Today the wet-bulb temperature generally never exceeds 30 or 31C anywhere, but in a warming world we are fast approaching a time when we will hit and then pass that 35C limit.

Not even the fittest of humans can survive this limit. Even in well-ventilated shaded conditions, when the wet-bulb temperature stays above 35C you will overheat.

There was a paper a few years ago that presented a stark warming of what is coming.

Future temperature in southwest Asia projected to exceed a threshold for human adaptability

Published in Nature back in 2015, the abstract for the above paper explains it as follows …

A human body may be able to adapt to extremes of dry-bulb temperature (commonly referred to as simply temperature) through perspiration and associated evaporative cooling provided that the wet-bulb temperature (a combined measure of temperature and humidity or degree of ‘mugginess’) remains below a threshold of 35 °C. (ref. 1).

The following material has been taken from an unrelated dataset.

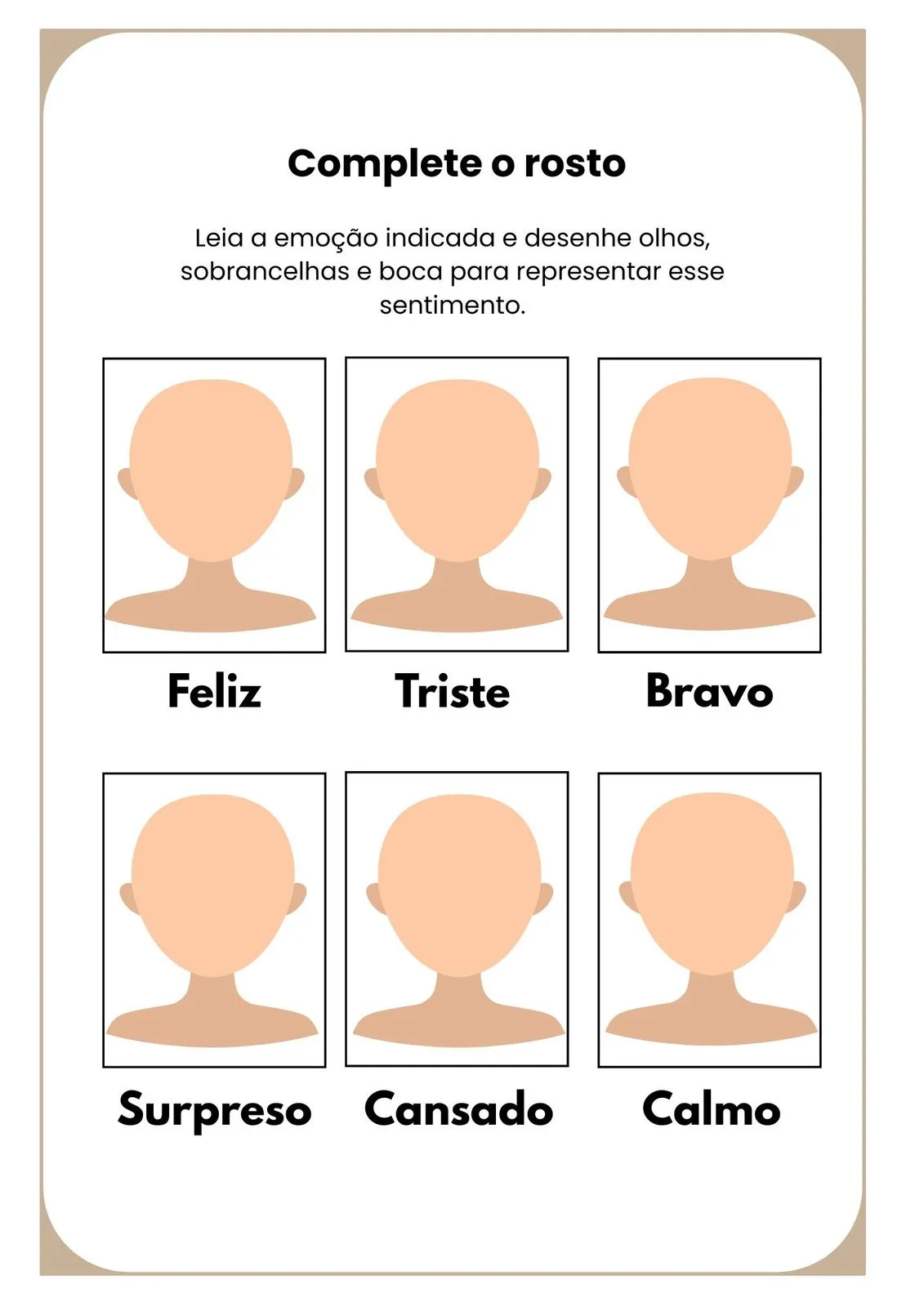 Complete o Rosto Desenhando a Emoção para Imprimir (PDF Gratuito) | Educação Infantil — 11 Complete O Rosto Desenhando A Emocao 01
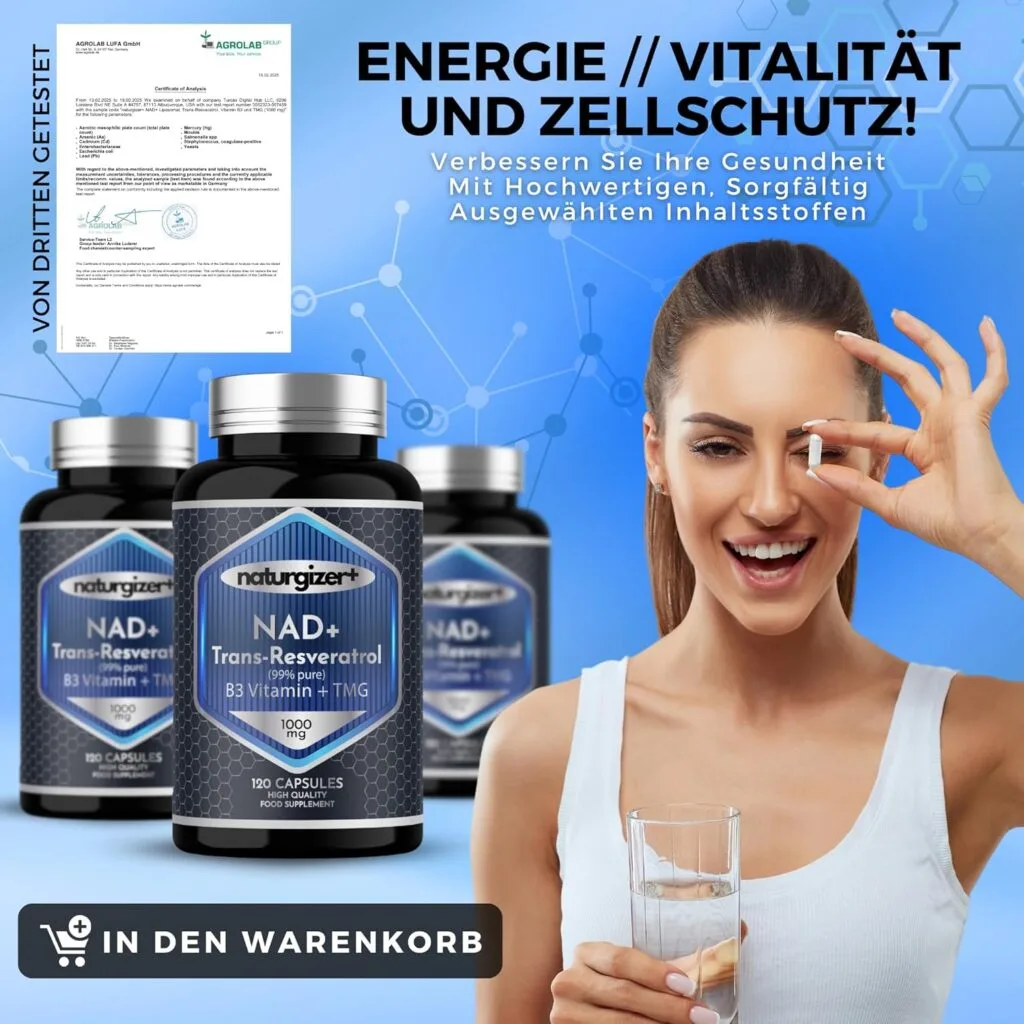 Une femme prend une capsule de supplément avec de l'eau. Trois bouteilles de Naturgizer+ NAD, Resvératrol, Niacinamide, TMG 1000 mg (120 gélules) et un certificat de produit sont présentés, soulignant les avantages anti-âge et revitalisants dans un texte en allemand.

This threshold defines a limit of survivability for a fit human under well-ventilated outdoor conditions and is lower for most people.

We project using an ensemble of high-resolution regional climate model simulations that extremes of wet-bulb temperature in the region around the Arabian Gulf are likely to approach and exceed this critical threshold under the business-as-usual scenario of future greenhouse gas concentrations. Our results expose a specific regional hotspot where climate change, in the absence of significant mitigation, is likely to severely impact human habitability in the future.

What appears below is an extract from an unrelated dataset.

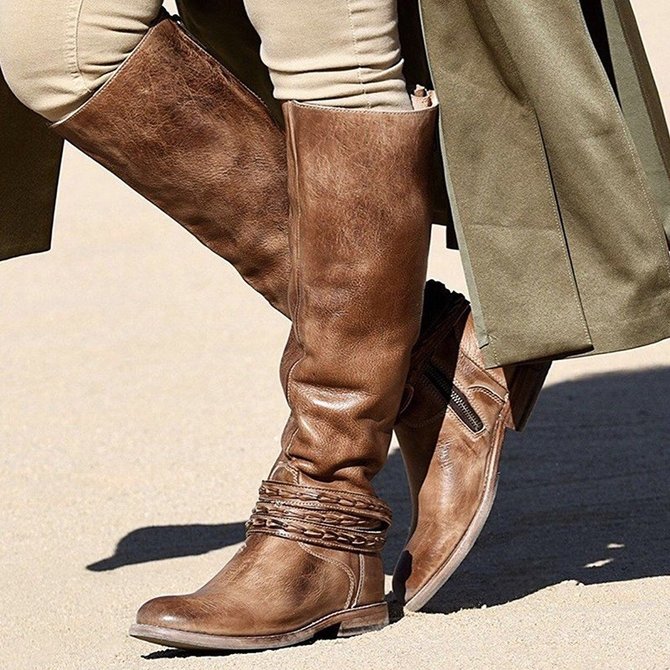 women's tall boots low heel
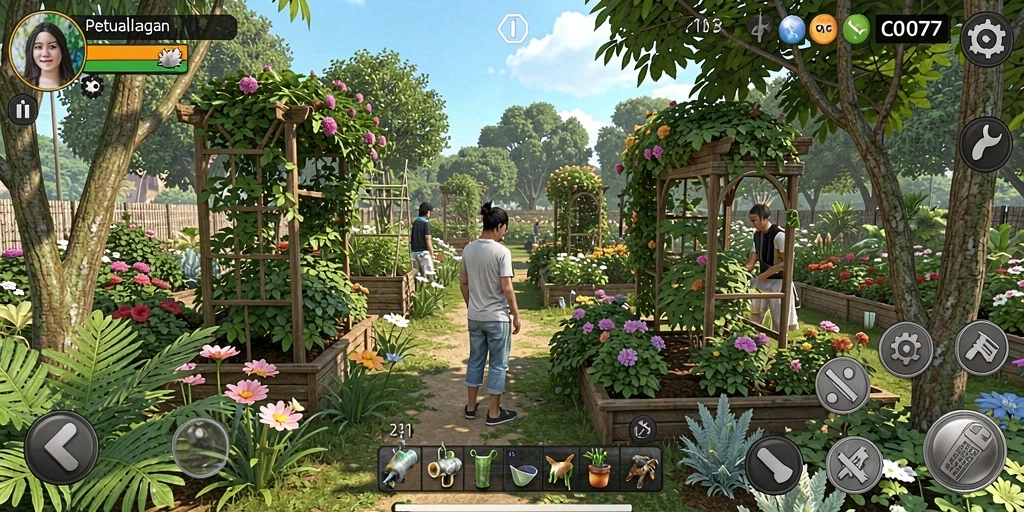 Screenshot utama C0077 menampilkan gameplay seru bercocok tanam.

They also had a map with some rather glaring colours that identify where this will happen.

temperature
Here’s what our extremely-heated future looks like on a map — the color shows the projected extreme wet-bulb temperatures in the Persian Gulf by 2100. The purple areas show temperatures the human body can no longer handle. Dhahran, Saudi Arabia had the highest extreme heat values reported in the study.

You might think that while it will be there, it will not impact us here. I’d hit pause on that thought.

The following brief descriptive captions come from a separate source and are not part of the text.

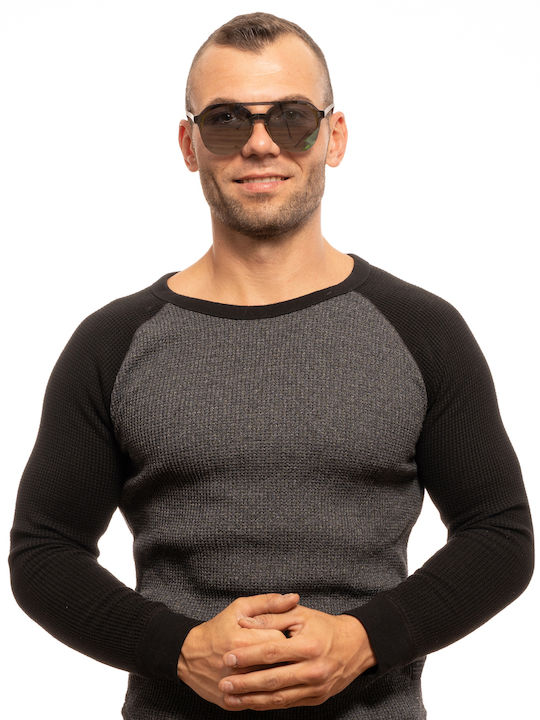 Sting Men's Sunglasses with Brown Tartaruga Plastic Frame and Gray Lens SST198 9987
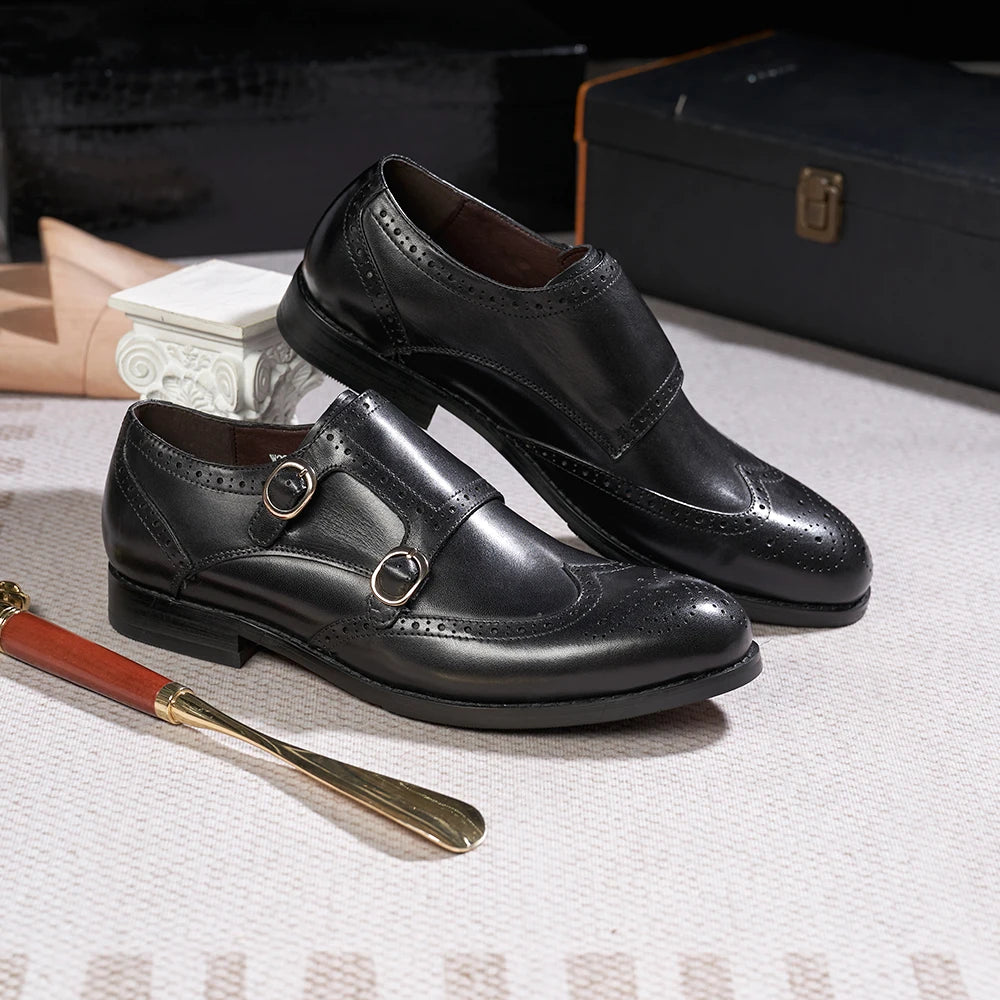 Timeless Double Buckle Genuine Leather Men's Monk Shoes for a Sophisticated Look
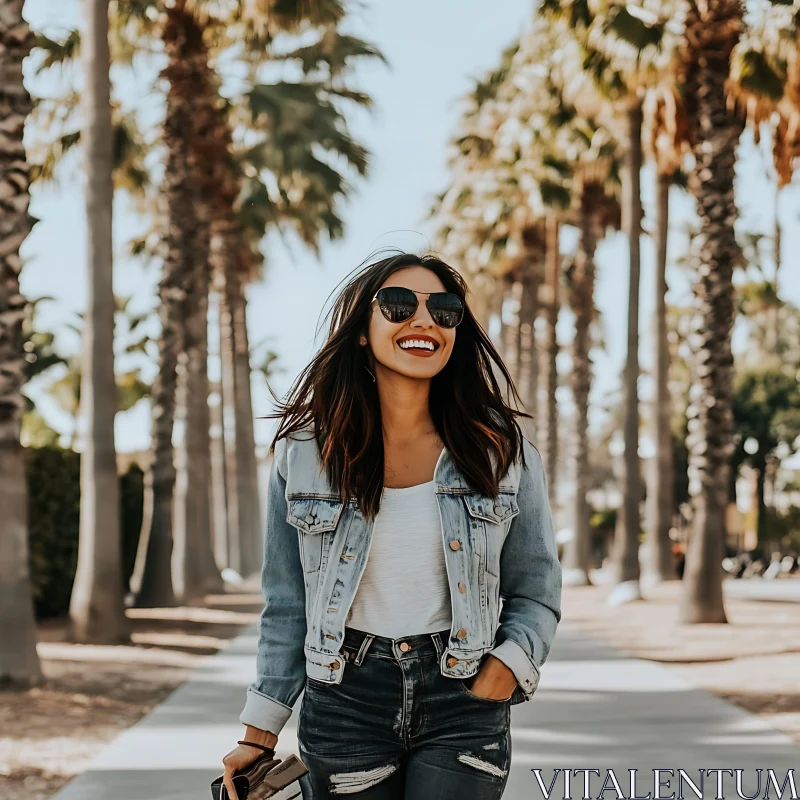 Woman in Denim Jacket AI Image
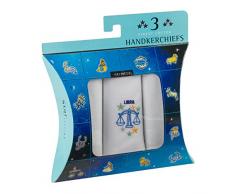 Go West Libra mouchoirs Star Coton Homme-Blanc-Lot de 3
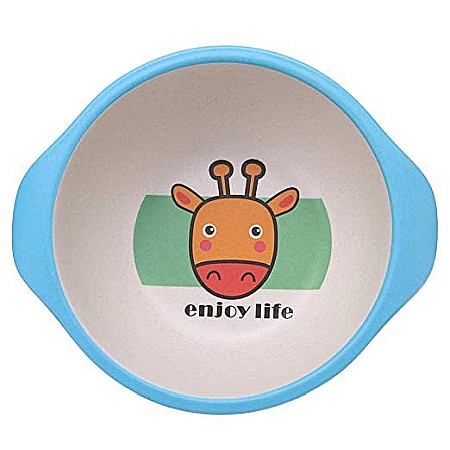 Set de masa si tacamuri pentru copii din fibra de bambus, farfurie 4 compartimente, FizioTab Kids, Girafa [3]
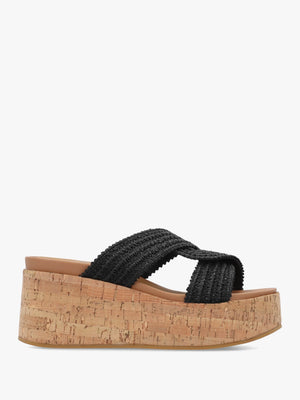 River Black Woven Raffia Flatform Mules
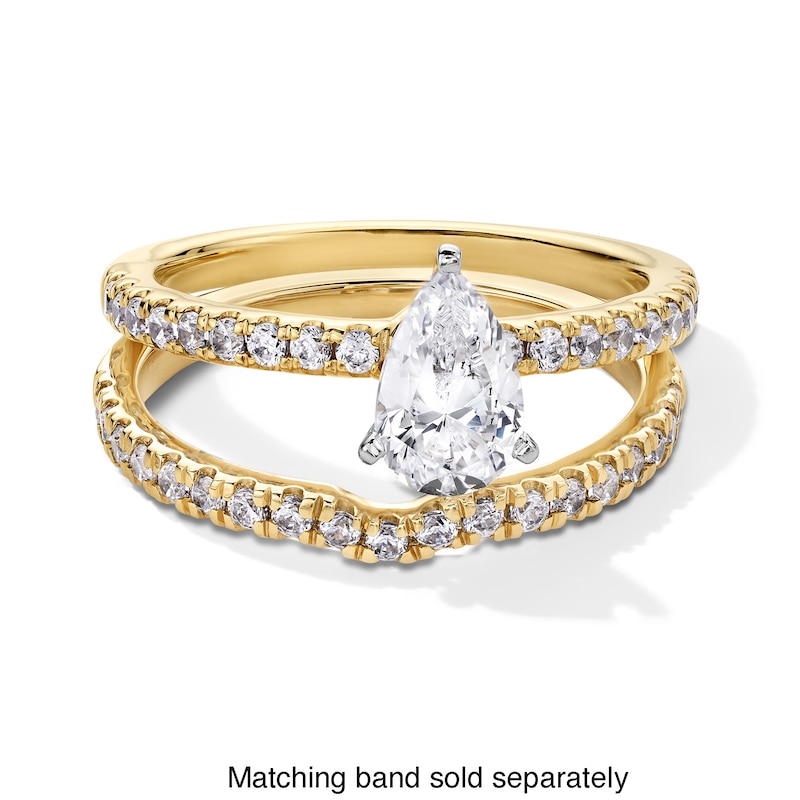 Main Image 4 of 1 CT. T.W. Pear-Shaped Certified Lab-Grown Diamond Engagement Ring in 14K Gold (F/SI2)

There is a Wet Bulb Temperature Map

Via another study published last year (2020) in Science Advances we have a far more detailed map. Using data gathered, they created an interactive map that plots the highest wet-bulb temperatures recorded at stations across the world.

Side Note: This study is titled “The emergence of heat and humidity too severe for human tolerance” and was published in May 2020.

The illustration below shows locations that experienced extreme heat and humidity levels briefly (the hottest 0.1% of daily maximum wet bulb temperatures) from 1979-2017. Darker colors show more severe combinations of heat and humidity.

What this reveals is that some areas have already experienced conditions at or near humans’ survivability limit of 35°C.

Breaching the 35C wet bulb limit is not some theoretical issue several generations away, it is here now.

In addition to the above, here via Wikipedia is a list of places that have officially recorded a wet bulb temperature just above 35C.

There is also one more recent paper that I would like to flag up.

Projections of tropical heat stress constrained by atmospheric dynamics

This last paper (link above) was published in Nature last March (2021) just a few months ago.

The reason to pull this one up is to point out something rather important. By running climate models the researchers were able to do some very revealing projections. We do still have a choice …

limiting global warming to 1.5 °C will prevent most of the tropics from reaching a TW [Web Bulb Temperature] of 35 °C, the limit of human adaptation.

In other words, while doing nothing about climate change will have dire consequences, taking decisive meaningful action to limit global warming will keep many people safe.

We are not doomed, we do still have choices.